*** Opening Supplied records ***

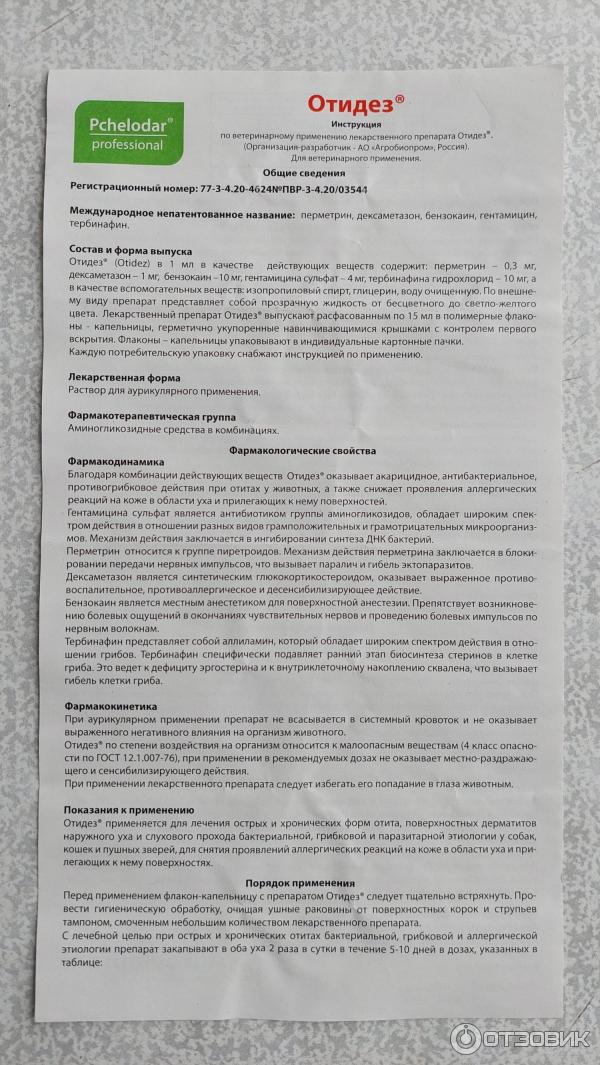 Отзыв о Ушные капли для животных Агробиопром "Отидез" | Вылечил кота от ...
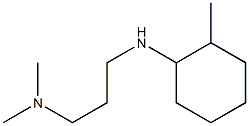 dimethyl({3-[(2-methylcyclohexyl)amino]propyl})amine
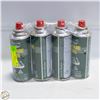 Image 1 : 4PK BUTANE FUEL 220G EA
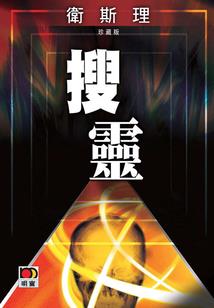 神级符师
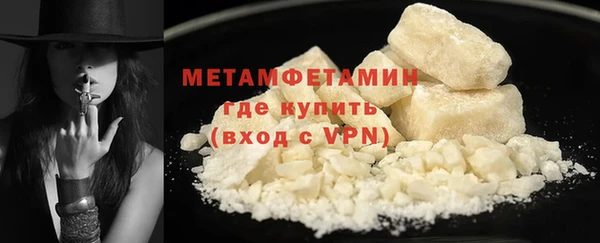 первитин Новокубанск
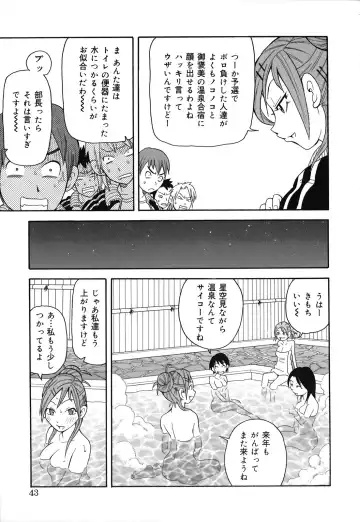 [John K. Pe-ta] Geki!! Monzetsu Operation Plus Fhentai - Page 48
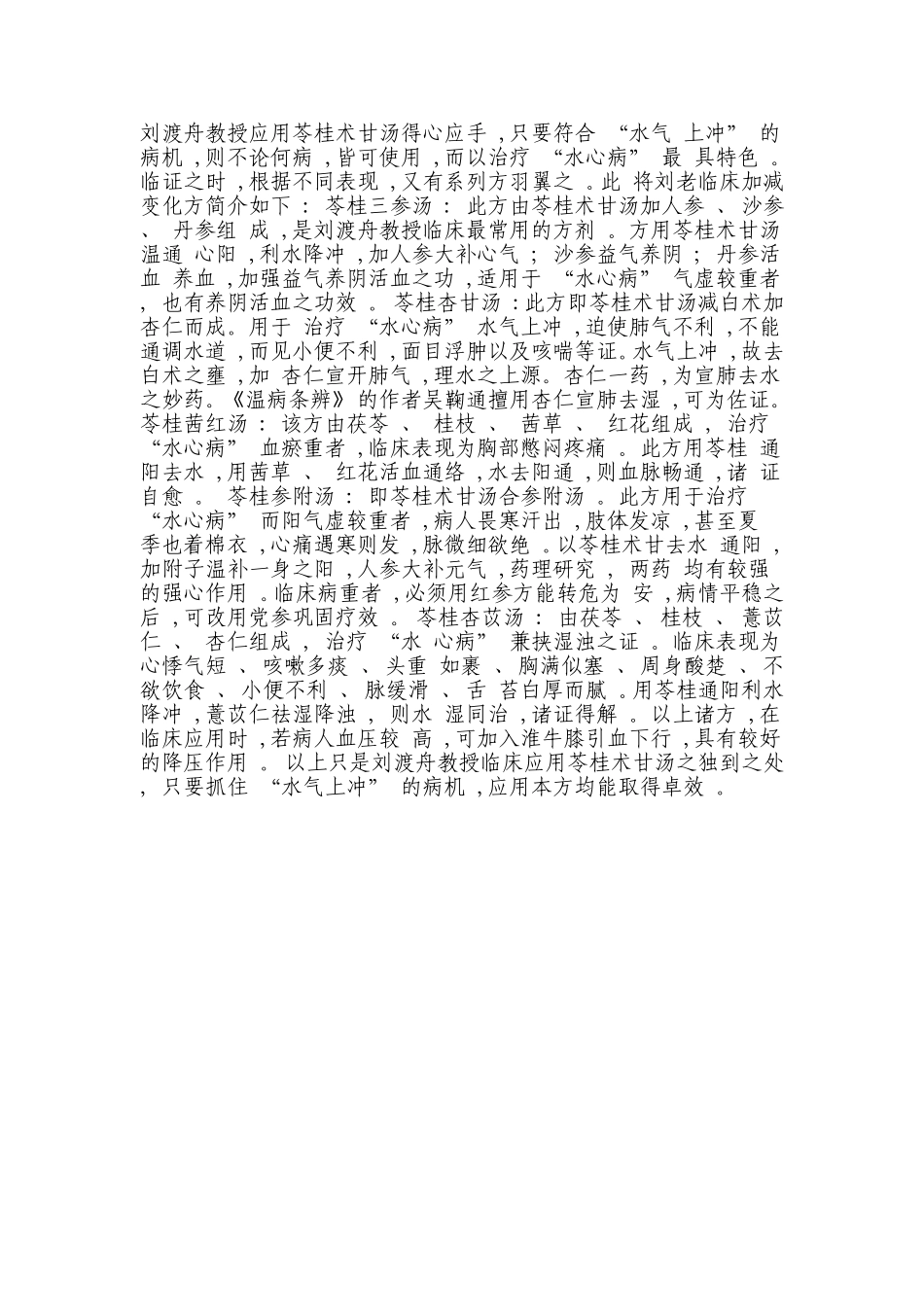 名老中医学术经验整理与继承_第3页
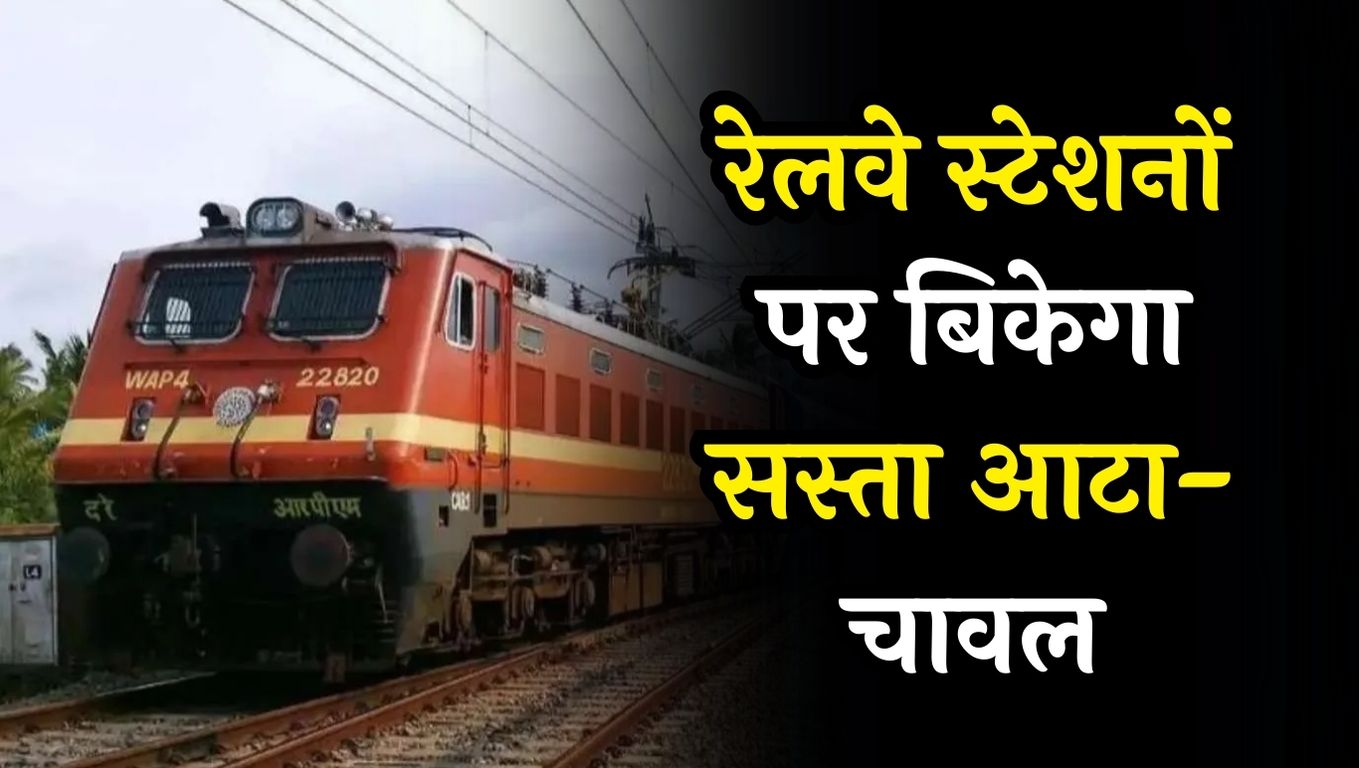 Railway News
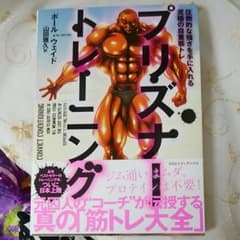 プリズナー・トレーニング 圧倒的な強さを手に入れる究極の自重筋トレのサムネイル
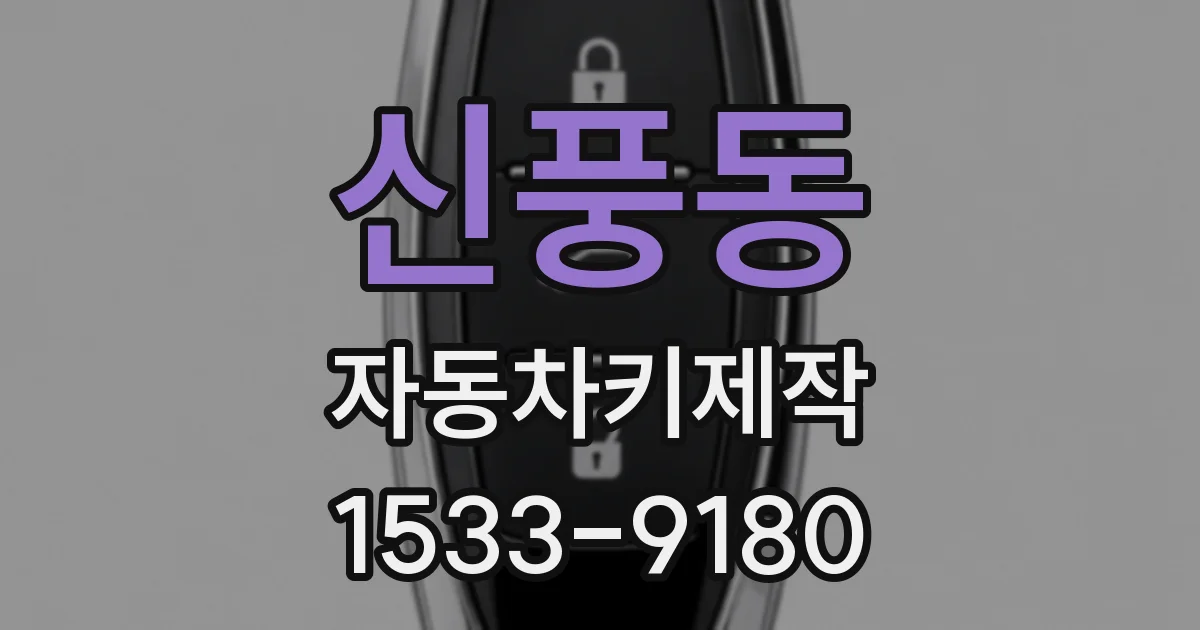 신풍동 자동차키제작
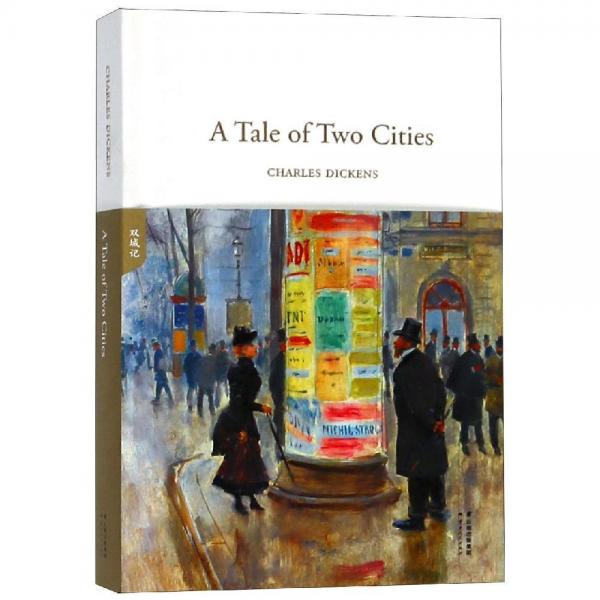 雙城記 A TALE OF TWO CITES 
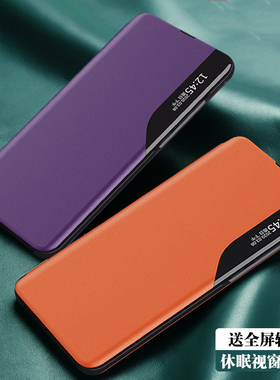 适用于三星S10手机皮套全包防摔支架S10Plus曲面屏素皮纹保护套S10Lite视窗皮套G9730软壳galaxyG9750休眠套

*** Closing Supplied records ***

— Problem to work on —
All lines from the one containing "первитин Новокубанск" through the end of the entries, both ends included, should be written out exactly, with no pictures.

— Answer below —
 первитин Новокубанск
 [John K. Pe-ta] Geki!! Monzetsu Operation Plus Fhentai - Page 48
 名老中医学术经验整理与继承_第3页
 Railway News
 プリズナー・トレーニング 圧倒的な強さを手に入れる究極の自重筋トレのサムネイル
 신풍동 자동차키제작
 雙城記 A TALE OF TWO CITES 
 适用于三星S10手机皮套全包防摔支架S10Plus曲面屏素皮纹保护套S10Lite视窗皮套G9730软壳galaxyG9750休眠套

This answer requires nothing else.